The pH floor, as you put it, protects the copper patina scale layer that protects the copper from wear. Low pH can quickly strip that protective layer off. You also need at least 200 CH for vinyl and fiberglass pools with a gas heater to create that protective layer, although the pool surfaces do not need the CH.
Super interesting. Great point.
 
In my opinion, a pH in the 7.8 to 8.3 range is generally the best choice as it reduces pH rise due to carbon dioxide offgassing and it protects the CSI at lower TA levels.

In a heat exchanger, the temperature of the water can be substantially higher when the heater is on.

The water temperature can be as high as 134 degrees without tripping the HLS.

So, the CSI will be higher in the heat exchanger when the heater is firing.

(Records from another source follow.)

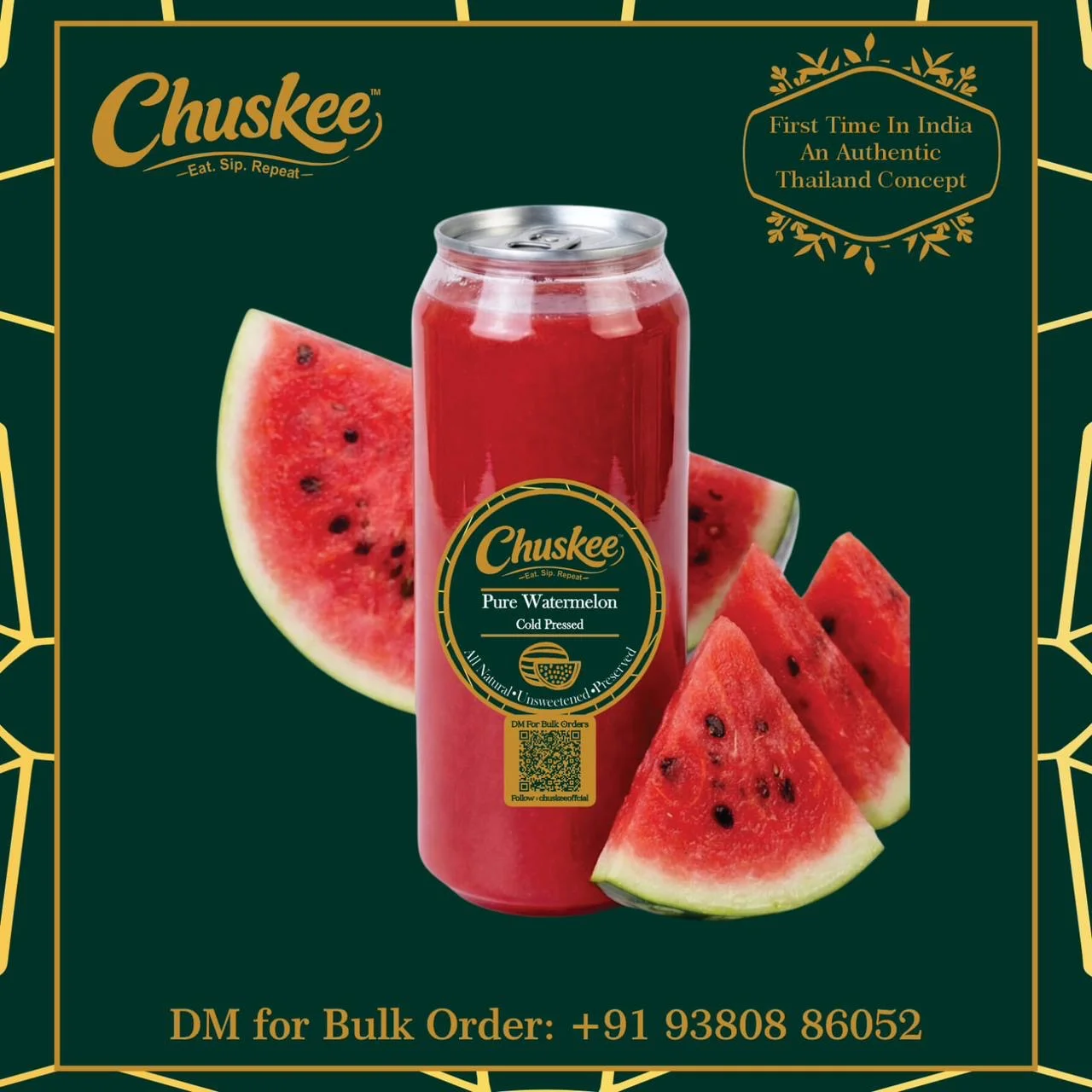 Pure Watermelon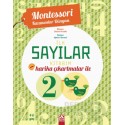 ALTIN /  MONTESSORİ - İLK SAYILAR KİTABIM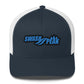 Blue Sky Trucker Hat - Swash Peak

View attachment 633402View attachment 633403

View attachment 633401
So higher pH with lower TA to narrow the pH band? Do you then keep a somewhat elevated chlorine level to compensate for the higher ph? And its affect on “active” vs “inactive” chlorine?
 
So higher pH with lower TA to narrow the pH band? Do you then keep a somewhat elevated chlorine level to compensate for the higher ph? And its affect on “active” vs “inactive” chlorine?
No. The FC/CYA relationship works just fine, even with pH 7.8 to 8.0...most of the FC, % wise is bound, with CYA in the water. Always follow this...Link-->FC/CYA Levels

HOCl goes from maybe 2% to about 1.2% from pH of 7 to 8 at CYA of 30. Target range of FC at 30CYA is 4-6ppm. At 4ppm and 1.2% HOCl is .048ppm. Bacteria dies at at .011 (as set by the WHO). Algae likely dies at .02, but our best info says .05. Plenty to maintain enough killing power. Stay in the range = Good to go!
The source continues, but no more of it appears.